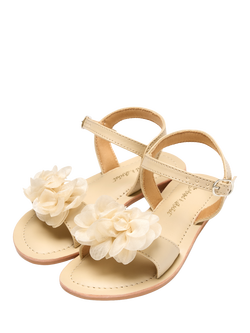 Angel & Rocket Kids' Open Toe Flower Sandals, Cream - view 2, Cream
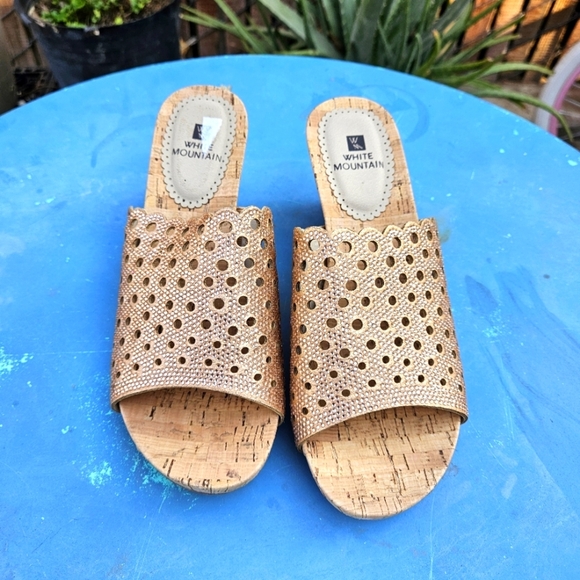 White Mountain Women's Platform Sandals Size 8 - Picture 5 of 14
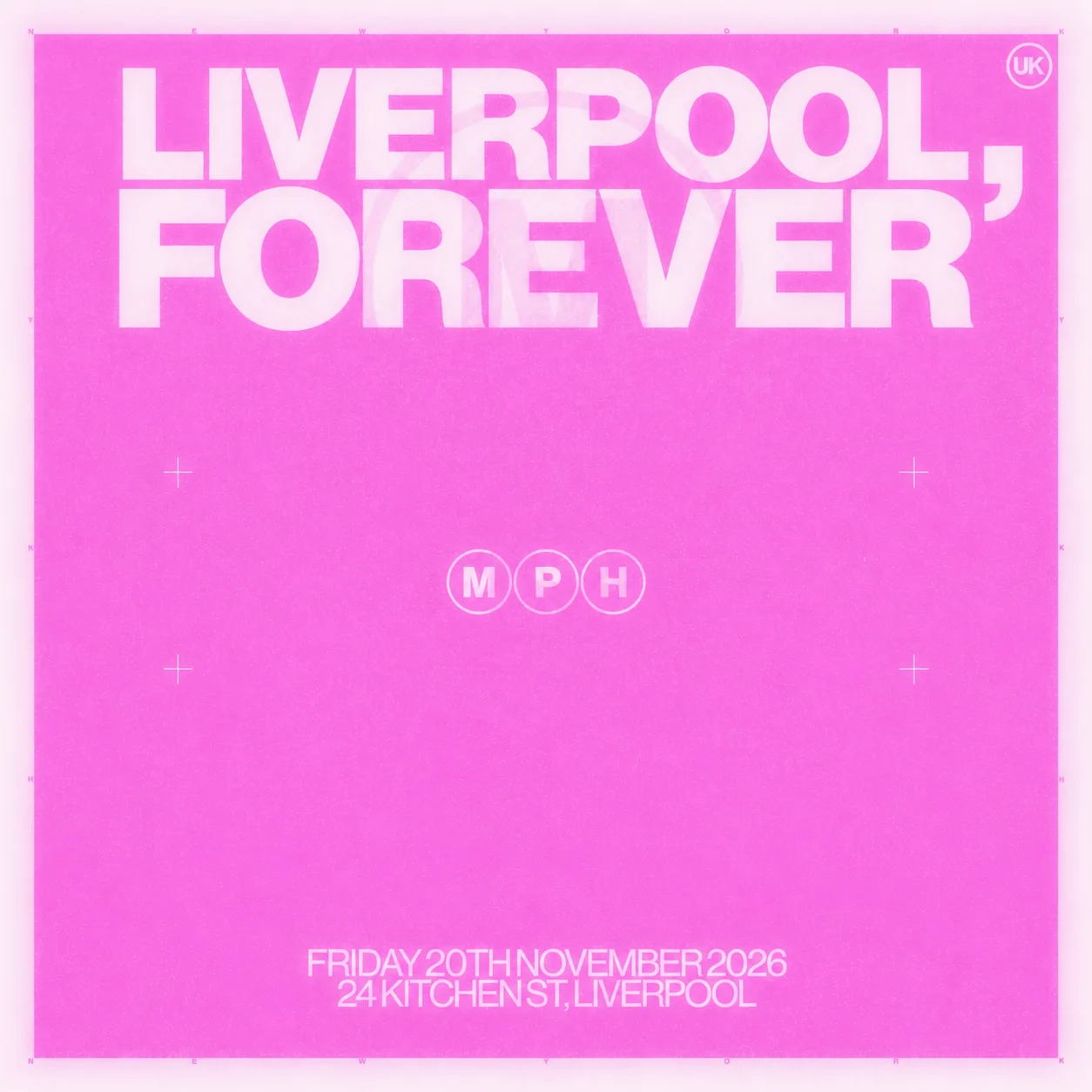 MPH at 24 Kitchen Street, Liverpool - Fri 20th Nov 2026 at 24 Kitchen Street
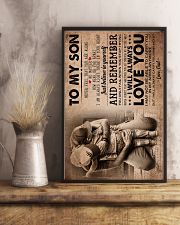 DAD TO SON 16x24 Poster lifestyle-poster-3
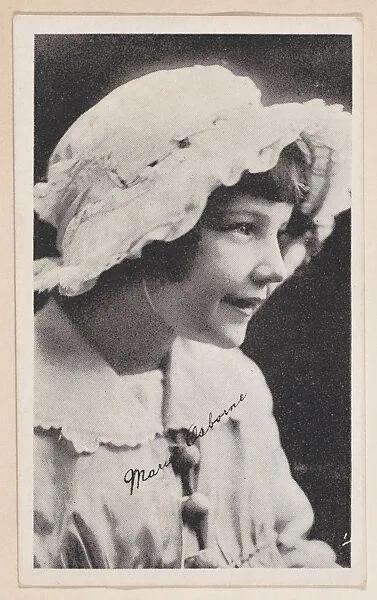 Marie Osborne from Kromo Gravure "Leading Moving Picture Stars" (W623) — Kromo Gravure Photo Company, Detroit, Michigan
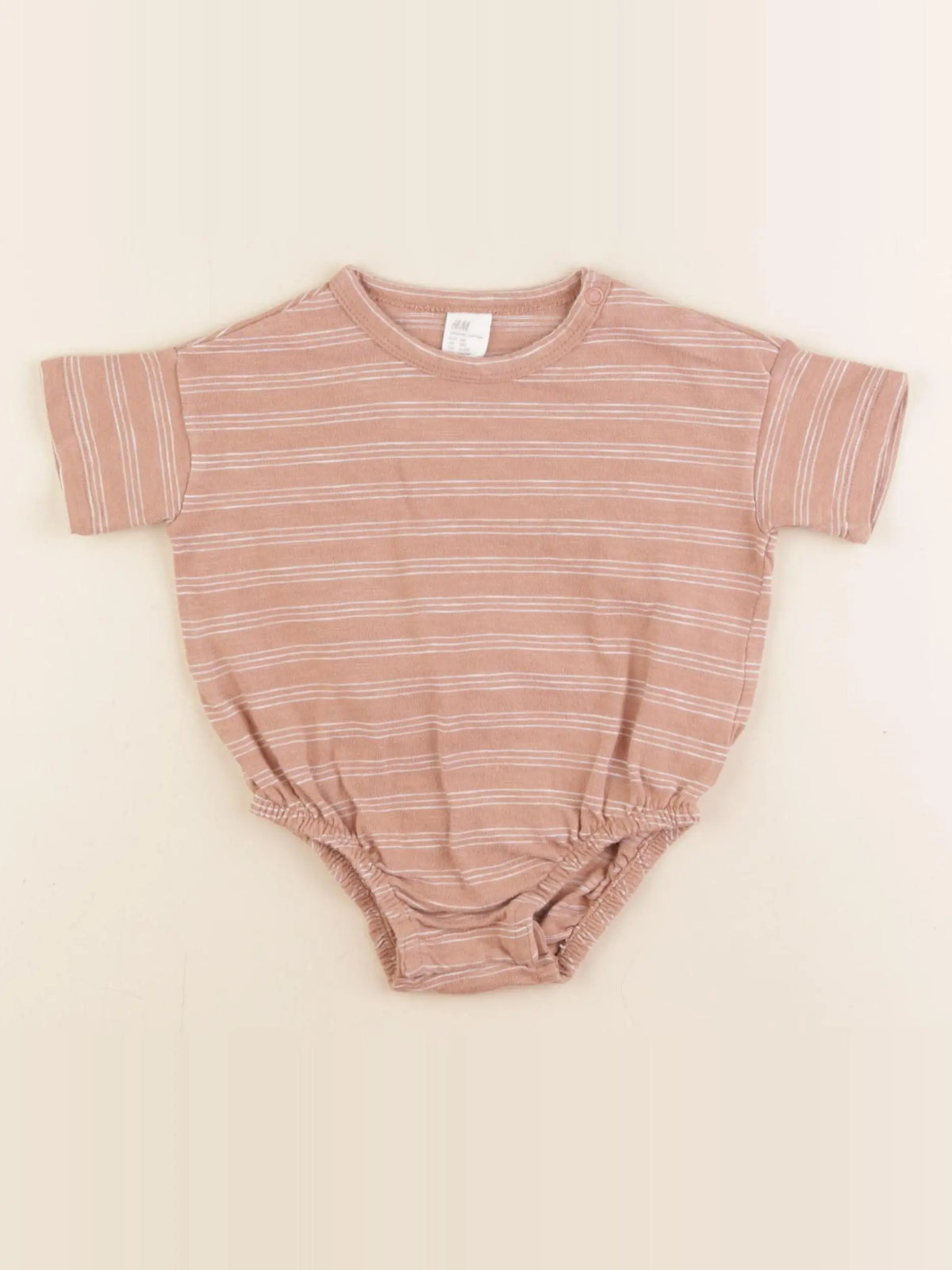 H&M - combinaison marron - 4/6 mois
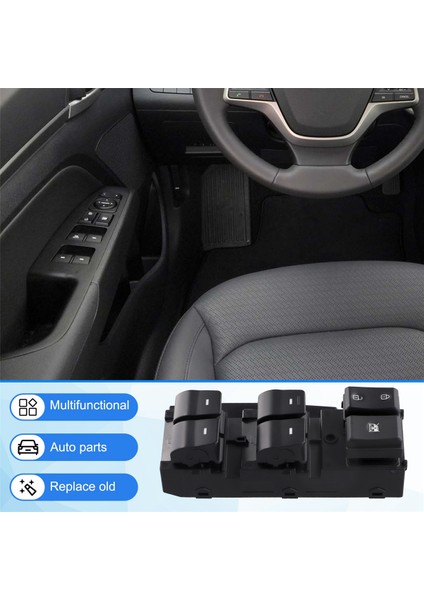 Araba 93570-F2200 Sürücü Tarafı Ana Elektrikli Elektrikli Cam Kontrol Anahtarı Hyundai Elantra 2017 2018 2019 2020 (Yurt Dışından) fırsatları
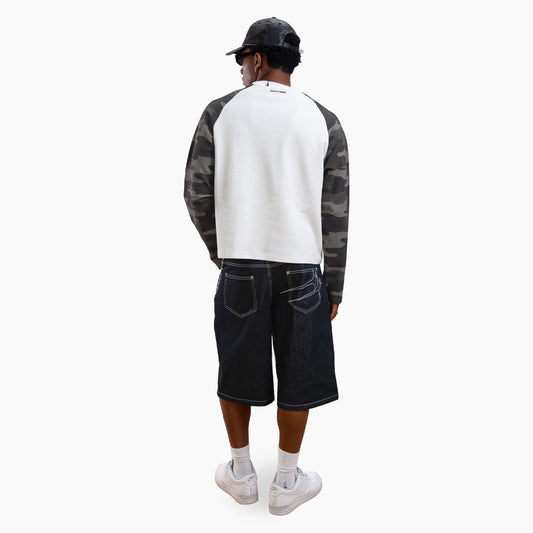 Camo waffle long sleeve - Green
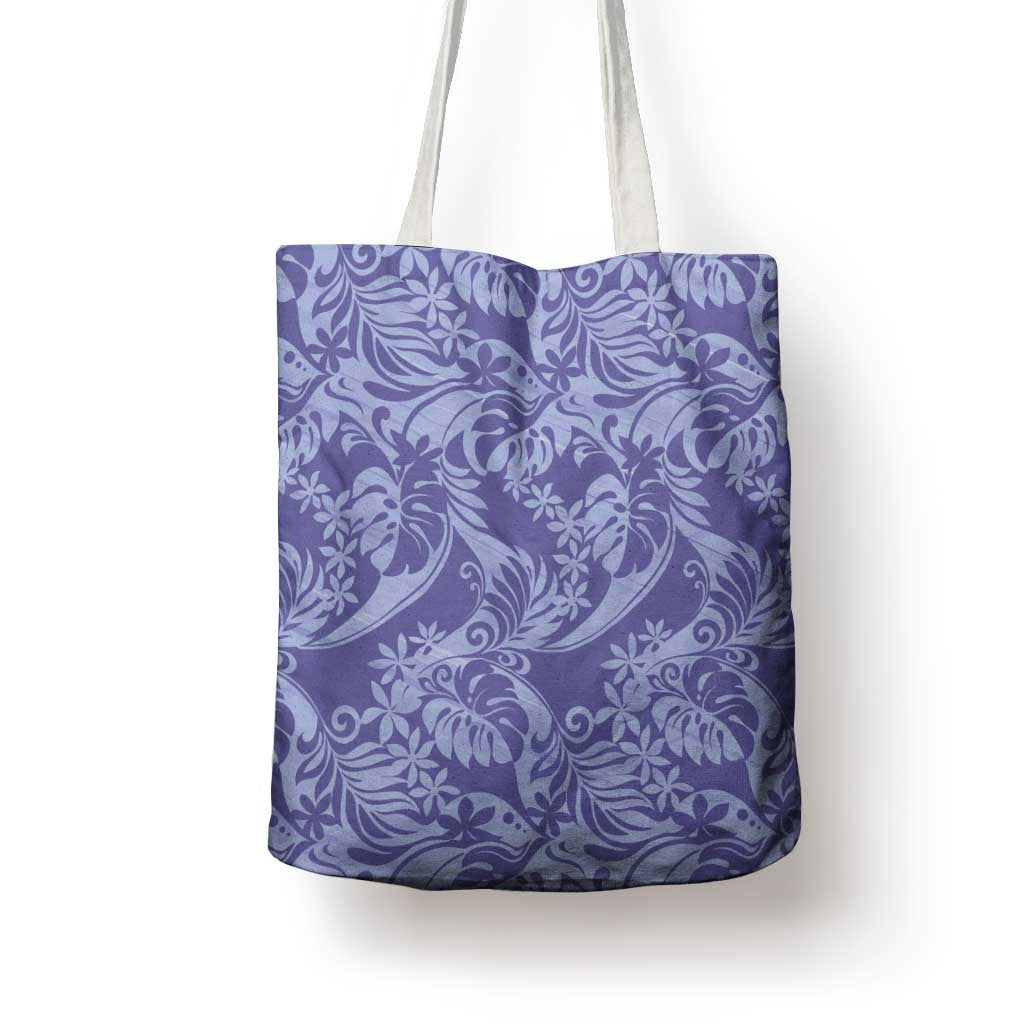Tahiti Vareau Tiare Floral Tote Bag Monstera Palm Tropical Leaves LT01 - Polynesian Pride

______________________________

What is expected:
Locate the line containing "Marie Osborne from" in the records above, then output it and every line after it through the last, excluding pictures.

Completed exercise:
 Marie Osborne from Kromo Gravure "Leading Moving Picture Stars" (W623) — Kromo Gravure Photo Company, Detroit, Michigan
 H&M - combinaison marron - 4/6 mois
 Araba 93570-F2200 Sürücü Tarafı Ana Elektrikli Elektrikli Cam Kontrol Anahtarı Hyundai Elantra 2017 2018 2019 2020 (Yurt Dışından) fırsatları
 Camo waffle long sleeve - Green
Tahiti Vareau Tiare Floral Tote Bag Monstera Palm Tropical Leaves LT01 - Polynesian Pride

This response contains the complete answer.